Yes, the right-wing, Koch Brother-funded think tank known as the Social Security Trustees have concluded that the current path of Social Security is unsustainable and Congress needs to make changes (such as cut benefits, raise taxes, or hike the retirement age) in order to push of insolvency for a few years. In other words, Congress needs to break its promises with respect to Social Security to keep the Ponzi Scheme going for a few more election cycles.
Social Security, in its current form, won’t be there for most people working today who are not close to retirement age. This is an unfortunate truth.
Other types of pensions, which are a rare breed these days outside of the public sector, have similar woes. Many public sector pensions–from San Jose to Chicago to New Jersey, Detroit, and more–have also promised too much to too many, with too few funds. Many private sector companies have phased out the pension in favor of a 401(k) with contributions, shifting savings responsibility from the corporation to the individual.
In some ways, the responsibility shift is better. By this, I mean that ownership of one’s own retirement is a better means of having a secure retirement than relying on someone else’s promise. What happens if the promise is broken and one simply relied on the pension as the sole means of retirement funds?
The other general problem that I see with retirement savings is the high cost of living eats into people’s disposable income to the point where retirement savings is difficult, if not impossible. I’ve discussed issues with the cost of living numerous times here. The basic premise is that the cost of the most important things needed for life (food, fuel, education, and health care) have steadily risen over the years. Wages have not kept up with the growth.
The canard pushed by the left is that a simple minimum wage hike will solve all of these problems. Not so fast, my friend. A hike in the minimum wage–like government policies which regulate and increase the cost of doing business–raises prices for goods, which will eat into any “raise” granted by government fiat. This will hurt all wage earners, particularly those at or just above the minimum wage.

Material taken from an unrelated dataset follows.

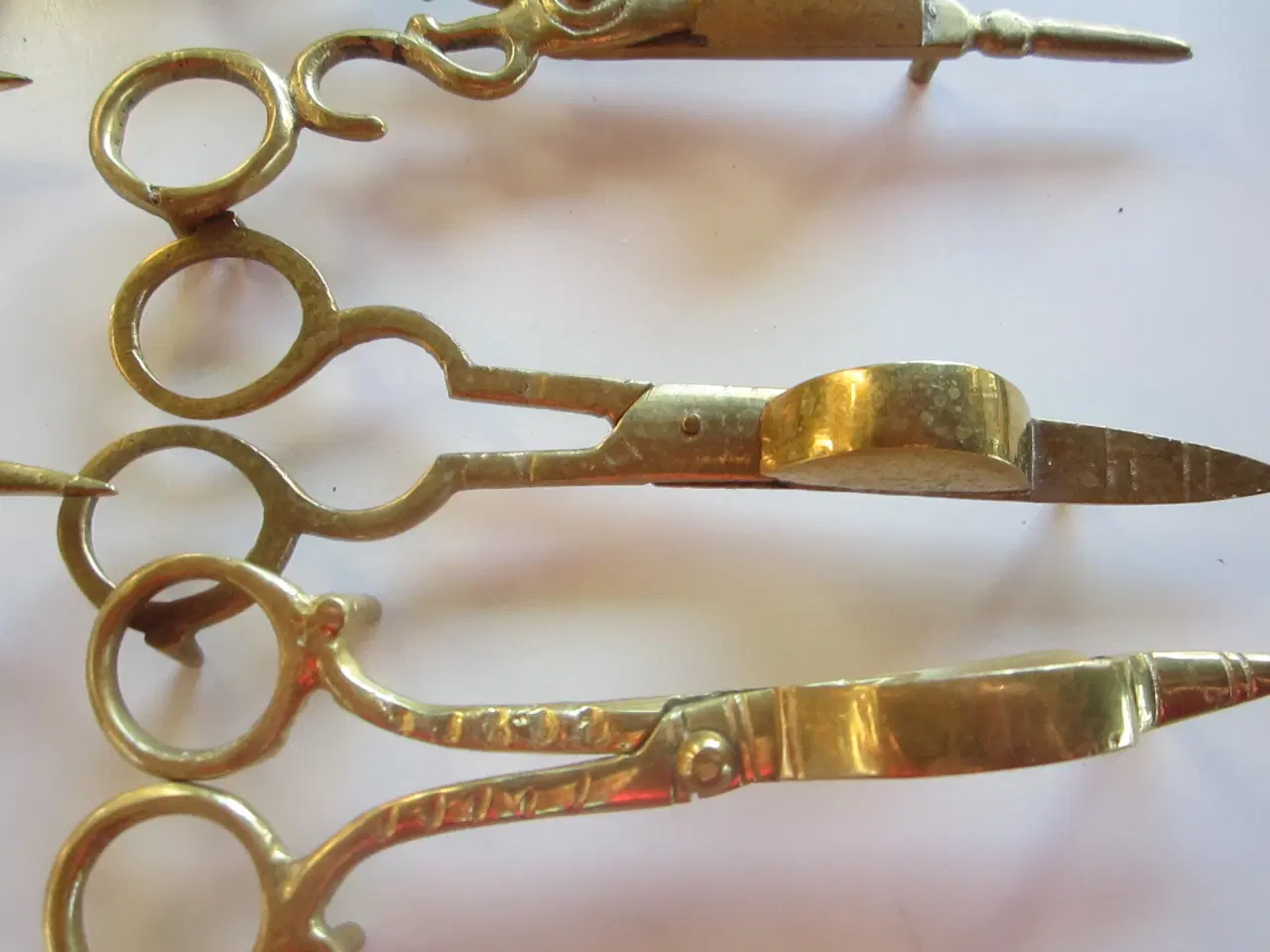 Billede 4 - Fine gamle messing lyseslukkere pr stk 30 kr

What really needs to be done is to have government get out of the way of business and cut regulations which raise the cost of doing business, freeing up capital to stay within the business itself and permit jobs which pay higher than minimum wage to be created. Of course, this takes time and wage increases (in theory) come with productivity increases, which are a function of a given business meeting demand for a good or service. A freer market in terms of business regulations should also permit more entrants into the given business, which would be a net gain for workers.
Even so, workers should begin to save for retirement today. As demonstrated by Richard Russell, time is nearly as important of an asset for savings as principal, when compound interest is factored in. Young workers (even those making minimum wage) socking away $50 a week can, over time, compound that money into a million dollars. That assumes no raises, no financial windfalls, and a return of 10% (dividends and growth), which is not particularly aggressive.
In other words–no matter what your income is or where you are working–start saving today.
As always, free markets are better markets.